Bug #21929 Slave DN gets unknown PGMAN Error: 2341 during replication of mixed DBT2 testing
Submitted: 30 Aug 2006 20:26 Modified: 30 Nov 2007 19:40
Reporter: Jonathan Miller Email Updates:
Status: Closed Impact on me:
None 
Category:MySQL Cluster: Disk Data Severity:S3 (Non-critical)
Version:5.1.12 OS:Linux (Linux (AMD64))
Assigned to: Pekka Nousiainen CPU Architecture:Any

[30 Aug 2006 20:26] Jonathan Miller
Description:
Late last night I started a DBT2 load of mixed (disk/memory) and recieved an Error 233 on the slave. I  increased MaxNoOfConcurrentOperations restart the mgt node and each data node and restart the slave. 

This morning I checked to make sure that the slave was caught up with the master and that the data on the slave was == the data on the master.

After which I start running sveral DBT2 tests.
1111.72 new-order transactions per minute (NOTPM)
1041.88 new-order transactions per minute (NOTPM)

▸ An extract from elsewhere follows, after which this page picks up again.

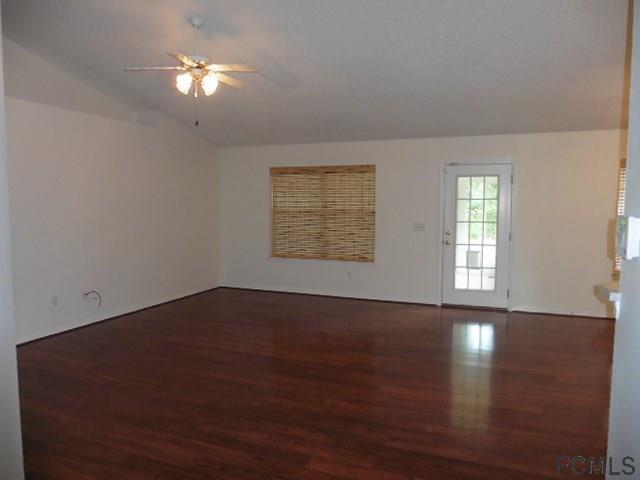 Building Photo - 128 Brushwood Ln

On the third test I was checking mysqld and cluster error logs and found that the second DN ID#3 had failed on the slave:

2006-08-30 20:16:36 [MgmSrvr] ALERT    -- Node 3: Forced node shutdown completed. Initiated by signal 0. Caused by error 2341: 'Internal program error (failed ndbrequire)(Internal error, programming error or missing error message, please report a bug). Temporary error, restart node'.
2006-08-30 20:16:36 [MgmSrvr] ALERT    -- Node 3: Forced node shutdown completed. Initiated by signal 0. Caused by error 2341: 'Internal program error (failed ndbrequire)(Internal error, programming error or missing error message, please report a bug). Temporary error, restart node'.
2006-08-30 20:16:36 [MgmSrvr] ALERT    -- Node 3: Forced node shutdown completed. Initiated by signal 0. Caused by error 2341: 'Internal program error (failed ndbrequire)(Internal error, programming error or missing error message, please report a bug). Temporary error, restart node'.

The error log on DN ID#3:

Time: Wednesday 30 August 2006 - 20:16:36
Status: Temporary error, restart node
Message: Internal program error (failed ndbrequire) (Internal error, programming error or missing error message, please report a bug)
Error: 2341
Error data: pgman.cpp
Error object: PGMAN (Line: 1463) 0x0000000a
Program: /home/ndbdev/jmiller/builds/libexec/ndbd
Pid: 5836
Trace: /space/run/ndb_3_trace.log.1
Version: Version 5.1.12 (beta)

I tried to restart the data node, but the DN would hang in phase 4 and be using no CPU on the host. After an hour or so I issues a killall -6 ndbd and tried to restart the DN using --initial, but got the same result of hanging in phase 4.

How to repeat:
Not sure
[15 Sep 2006 21:56] Jonas Oreland
Hi,

I quite certain that this a duplicate of http://bugs.mysql.com/bug.php?id=20612
Can you retest when pekka has pushed fix for that...
[15 Oct 2006 23:00] Bugs System
No feedback was provided for this bug for over a month, so it is
being suspended automatically. If you are able to provide the
information that was originally requested, please do so and change
the status of the bug back to "Open".
[1 Jun 2007 7:51] Pekka Nousiainen
the context:

void
Pgman::fsreadreq(Signal* signal, Ptr<Page_entry> ptr)
{
  File_map::ConstDataBufferIterator it;
  bool ret = m_file_map.first(it) && m_file_map.next(it, ptr.p->m_file_no);
  ndbrequire(ret);
  Uint32 fd = * it.data;